Glen Cove's School Board election this year may have been noisy, fractious, and untidy, but do you remember the last two-seat board election here? Better yet, did you even know it was going on? Or that there was even a result? Well, it was in 1996, and the reason you weren't aware is because the two "winning" candidates didn't even amass a total of 200 votes between them, though both still sit on the Glen Cove School Board.

That invisible "election" was the perfect example of the unfortunately still too prevalent attitude that school board members are best "appointed" by a few well-connected, knowledgeable school district insiders.

Contrast that sickness with the six eager candidates running this time, and the far healthier vote totals reported elsewhere in this issue.
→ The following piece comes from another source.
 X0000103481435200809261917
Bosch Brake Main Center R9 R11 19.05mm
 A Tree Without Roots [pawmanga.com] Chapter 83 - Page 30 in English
We're beginning to get closer to the city council-type governing franchise now necessary since, within the past 50 years, school government expenditures have become twice as much as those of the city government.
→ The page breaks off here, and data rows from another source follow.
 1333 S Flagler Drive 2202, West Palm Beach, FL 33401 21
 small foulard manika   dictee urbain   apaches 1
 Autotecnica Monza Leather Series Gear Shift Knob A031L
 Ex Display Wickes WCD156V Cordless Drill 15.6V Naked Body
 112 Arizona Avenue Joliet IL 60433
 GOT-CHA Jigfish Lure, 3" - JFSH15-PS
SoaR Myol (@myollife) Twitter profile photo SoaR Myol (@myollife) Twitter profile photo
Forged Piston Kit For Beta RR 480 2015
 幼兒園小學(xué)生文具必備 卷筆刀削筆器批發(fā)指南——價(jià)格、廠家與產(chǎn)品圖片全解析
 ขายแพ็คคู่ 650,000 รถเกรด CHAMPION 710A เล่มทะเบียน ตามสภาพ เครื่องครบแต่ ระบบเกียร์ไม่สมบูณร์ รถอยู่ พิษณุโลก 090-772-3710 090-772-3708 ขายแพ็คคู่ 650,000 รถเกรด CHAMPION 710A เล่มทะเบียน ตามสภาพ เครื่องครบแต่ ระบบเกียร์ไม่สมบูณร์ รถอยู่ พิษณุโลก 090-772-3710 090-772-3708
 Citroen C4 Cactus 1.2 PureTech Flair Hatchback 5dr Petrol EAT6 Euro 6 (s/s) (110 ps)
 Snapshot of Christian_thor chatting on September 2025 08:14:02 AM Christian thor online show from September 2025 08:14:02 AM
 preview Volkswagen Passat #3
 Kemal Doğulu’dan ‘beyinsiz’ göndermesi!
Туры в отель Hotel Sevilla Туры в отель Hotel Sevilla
But we're still nowhere close enough.

Yes, there was lots of ferment, but what is this strange mentality which seems to be saying that if you don't goosestep along with those who run the schools, you're almost guilty of a so-called "hate crime" -- hating public schools; hating students; hating teachers and all government programs -- whatever -- world without end?

Hey, not to make too much of it, but the US is a First Amendment nation where hate obviously has to be as legal and lawful as love and, therefore, can be no "crime."

Think of the "untidy" ideas promoted this time by all those candidates never accused of being supported by the two outsiders now sitting on the board: school uniforms, or at least a respectable dress code; return to neighborhood schools by ending the elementary paired plan; no social warehousing and fewer free periods for more learning; high school transportation, etc. Wonderful!

However, the way to best assure a continuous fountainhead of practical learning ideas is to have school board members elected to the same strong franchise enjoyed by city council winners. That would mean each school board member would sit with a minimum 3,000 votes behind him or her, but the only way that will happen is to shift school board voting in these 57 small cities to November. Are you listening, Senator Marcellino and Assemblyman Sidikman?